To be effective, your transitional living facility must have steady access to a flow of resources —both financial and human.
- Funding. “I never opened up a new building unless I knew I had the staff and resources to open it. It wasn’t on a wing and a prayer,” says Ron. Likewise, the directors of new transitional living facilities should ask themselves where the money will come from before they ever open the doors. Possible funding sources include: private grants and donations, county service contracts, utility grants, stimulus funding, low-income housing affordable tax credits, client fees for food and rent, and grants from the U.S. Department of Veterans Affairs (for housing released veterans). To open up funding channels, it helps to establish your facility legally as a nonprofit entity and seek a diverse set of board members from the community.

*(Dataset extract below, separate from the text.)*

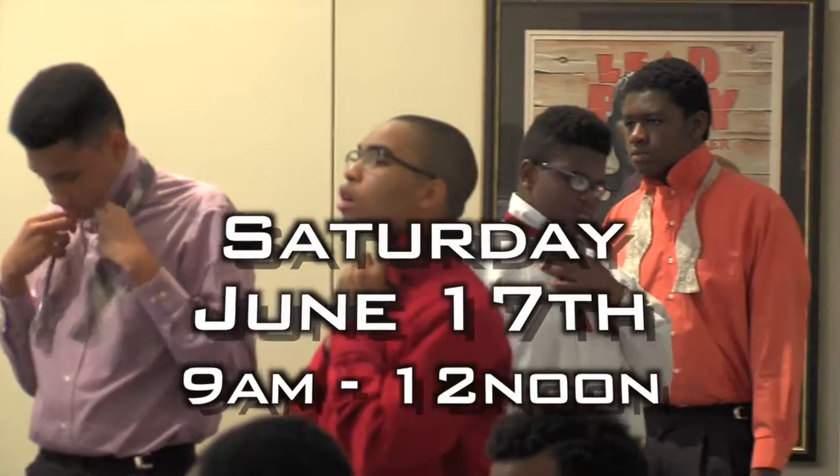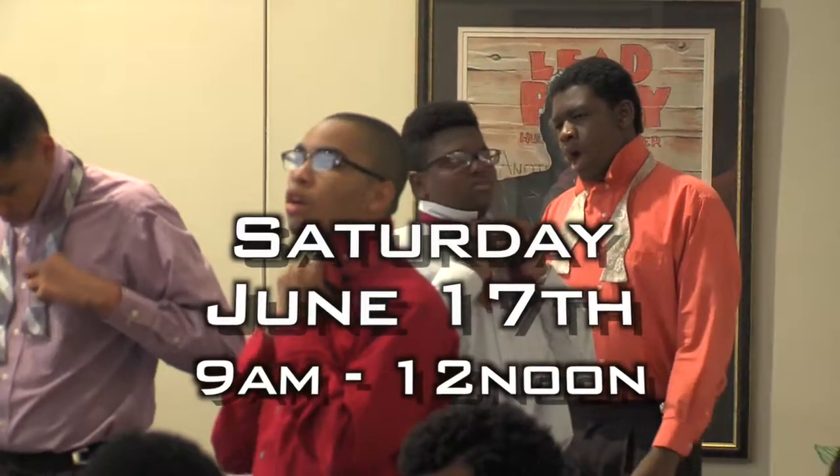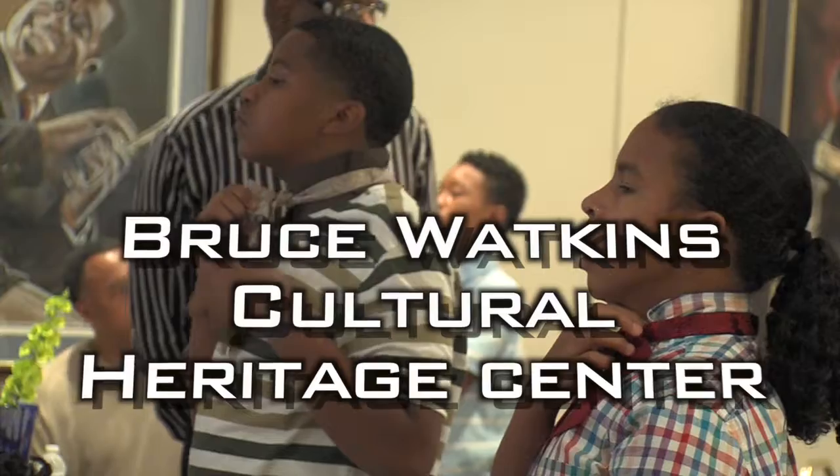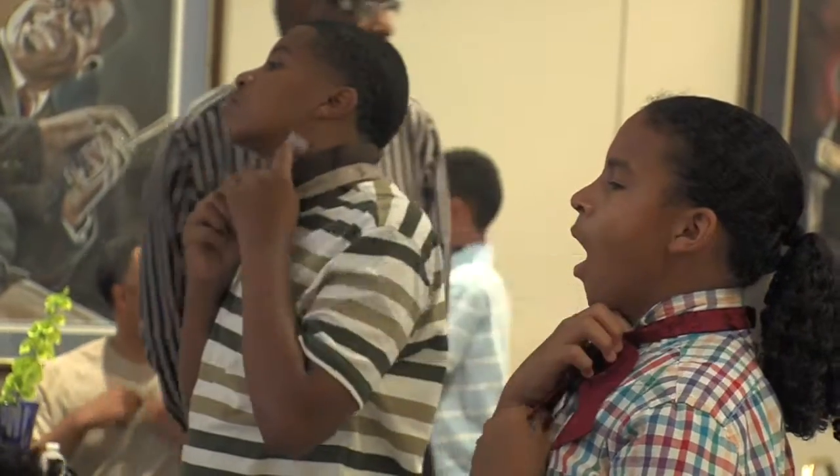You can take the one that's in your right hand and just throw it over your shoulder. The one that's hanging down, you want to fold it in half.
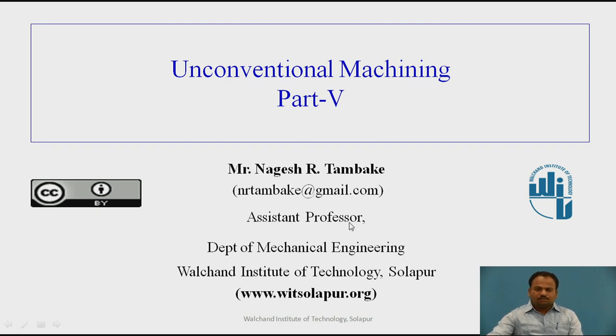I am Mr. Nagesh R. Tambake, Assistant Professor, Department of Mechanical Engineering, Valchand College of Engineering, Sholapur.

- Staffing. To maintain proper accountability, support, and public peace of mind, transitional living facilities require a 24-hour staff presence. That kind of commitment quickly burns through volunteers. Sponsors, Inc., keeps a sizable staff that includes employment counselors, former parole officers, and ex-prisoners who have graduated from the program and maintained their sobriety. “A well-rounded staff with diverse personal and ethnic/racial backgrounds is best,” says Ron.

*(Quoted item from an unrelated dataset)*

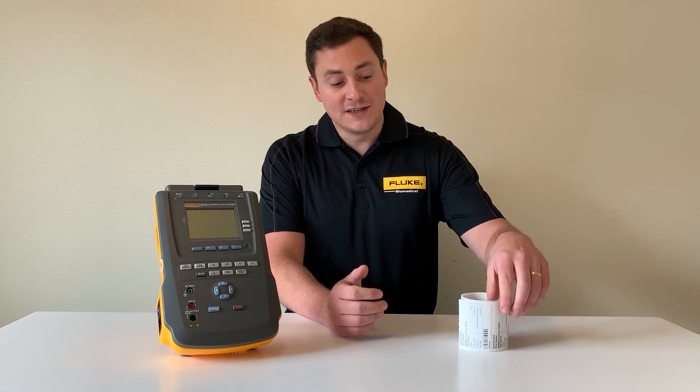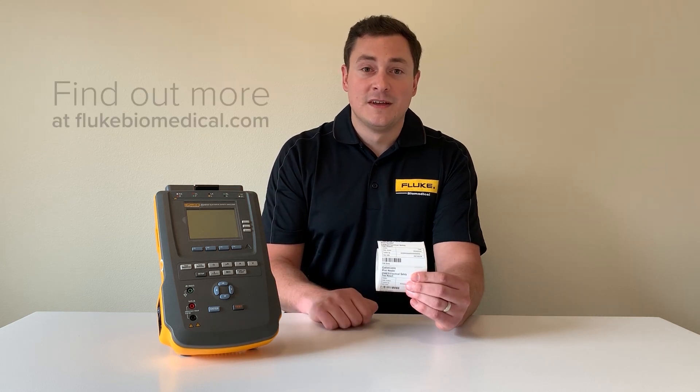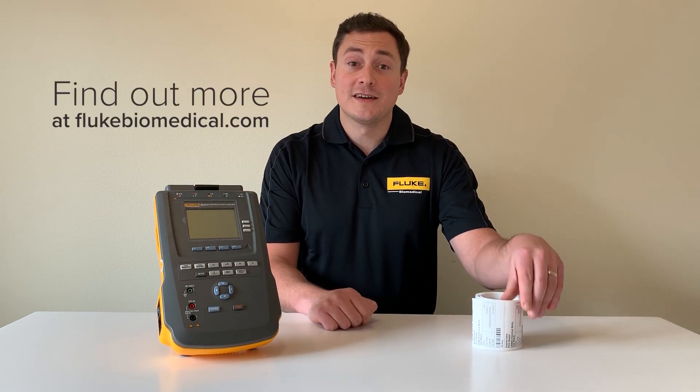Also, if you have a need for printing and you use a PM sticker like this, you can plug in an external printer and print that label right on the spot. To learn more, go to flukedbiomedical.com.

- Good governance. Your transitional facility should be run like a business, with funding commensurate to your costs. So though your motivation may come from compassion, you must also take into account practical considerations—like payroll, employee law, and accounting—early in the development of your organization.
Creating a Safe, Supportive Environment for Clients
Housing is about more than shelter. It’s about providing a launch pad to other benchmarks of success. Ron recommends the following values and guidelines for successful transitional living facilities.
- Sobriety. All residents need to refrain from using alcohol or other controlled substances during their stay at the facility. Only a drug- and alcohol-free environment will keep all residents safe and on track. All failed urinalysis tests will be reported immediately and fully to the office of probation and parole, a policy carefully explained to residents when they move in.
- Employment. All residents should work, and those who haven’t yet found a job need to meet with a staff member to create plans for finding one.
- Self–sufficiency. The program should require residents to save a portion of their earnings so that they can afford to eventually transition to independent housing.
- Integrity. As the director of a transitional living facility, you will deal with a variety of public and private entities, very few of them favorably disposed to your clients or to your presence in the community. To win them over, it is essential that you operate your facility with integrity and consistency.
Consider What Drives You
“A lot of people go into this without a clear idea of what they’re doing,” says Ron. “It’s a difficult population, and there’s daily drama and personal issues. It’s a burnout job. For people who do it out of the goodness of the heart and religious conviction, there’s a steep learning curve on how to provide for people with a criminal history.”
Setting up a transitional housing facility is no mission for the faint of heart. But, if you have determined that you have the passion, plans, and resources you need to get started, the rewards can be great—both for ex-prisoners and those who open the door to successful reentry.